_The problem_:
Please reproduce the lines of the records below from the one holding "Grün Gebraucht 1985" through the one holding "Jogo com saladeira + 4 pratinhos fundos", inclusive, skipping all pictures.

_Data shown_:
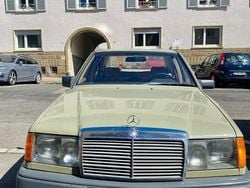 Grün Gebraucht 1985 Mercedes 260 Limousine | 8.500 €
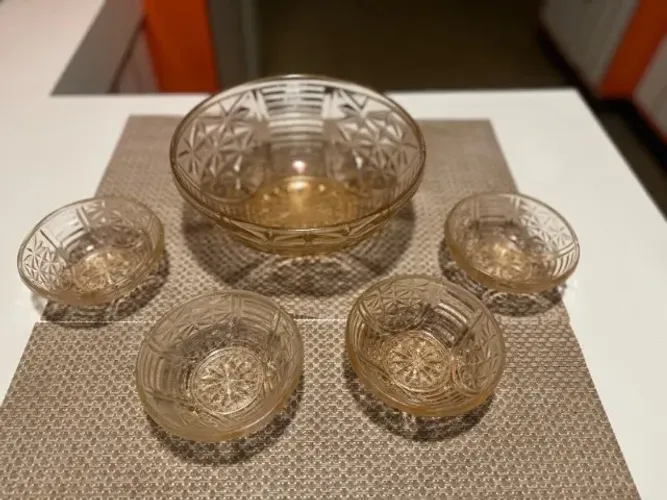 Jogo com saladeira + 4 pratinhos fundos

---

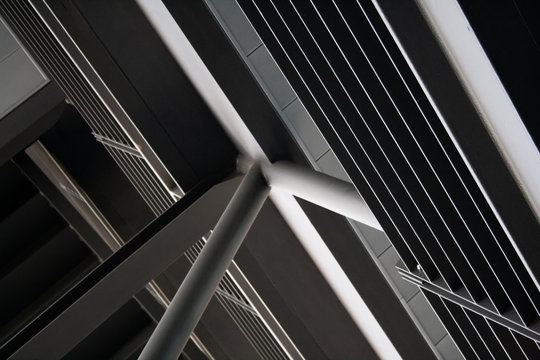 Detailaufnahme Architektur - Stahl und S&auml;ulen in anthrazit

---

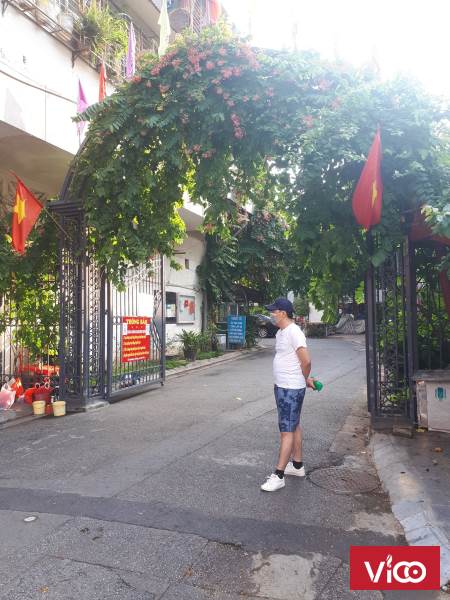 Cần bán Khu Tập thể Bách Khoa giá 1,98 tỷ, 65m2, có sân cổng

_Exercise solution_:
 Grün Gebraucht 1985 Mercedes 260 Limousine | 8.500 €
 Jogo com saladeira + 4 pratinhos fundos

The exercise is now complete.